# Clutch slippage - South bend 9A



## martik777 (Oct 19, 2011)

In both longitudinal and cross-feed my clutch will disengage after a few secs when under moderate to heavy load, unless I tighten the start knob about as much as I can by hand. I re/re'd and cleaned the apron a few months ago and all parts looked unworn and it has remained clean. It doesn't engage until the star wheel is turned almost all the way in and I can make it slip by holding the cross feed or handcrank wheel unless it is very tight. Oil sump is full. Any ideas?

Here are some pics of the same clutch on a clone:

http://steammachine.com/hercus/page5.html

Also, if anyone has the dimensions of those two 1/2 circle discs I would appreciate it.


----------



## martik777 (Oct 19, 2011)

OK, you got me curious now so I just took it apart.

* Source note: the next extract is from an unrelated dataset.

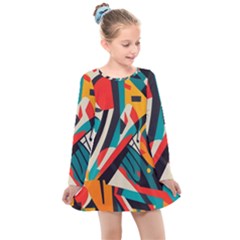 Colorful Abstract Kids  Long Sleeve Dress by Jack14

I think there are a few wear areas contributing to the problem. 


1. The outside of the shoes are showing some wear but feel smooth in the direction of rotation. maybe not polished but some roughing up may help.

2. The butterfly leaves that expand the shoes are worn on the edges but not the middle. (reversing them may help)

3. The inside of the shoes have a groove worn where the middle of the butterfly leaves ride. (doubt this has much affect)

I think the easiest fix may be to fabricate some new butterfly leaves but I will try the emery cloth on the outside of the shoes first. Well, maybe not so easy with no mill and my only lathe in pieces!


----------



## flutedchamber (Oct 23, 2011)

Did you check the recess that the two pieces fit into for taper?  Perhaps they are worn more on one side than the other, which would give you a much reduced friction area.  Even if the recess it tapered it may be worth checking to see if the taper is consistent, that is not a barrel shape in the middle.  

If necessary you could machine the recess and make new shoes to fit.


----------



## martik777 (Oct 26, 2011)

Clutch was fine, turns out the worm wheel was worn and not always engaging with the worm. For a temp fix, I made a spacer so the worm wheel engages off center where it is less worn.  Anyone have a spare?

http://i1182.photobucket.com/albums/x445/martik777/SB9A clutch/IMG_7432.jpg


----------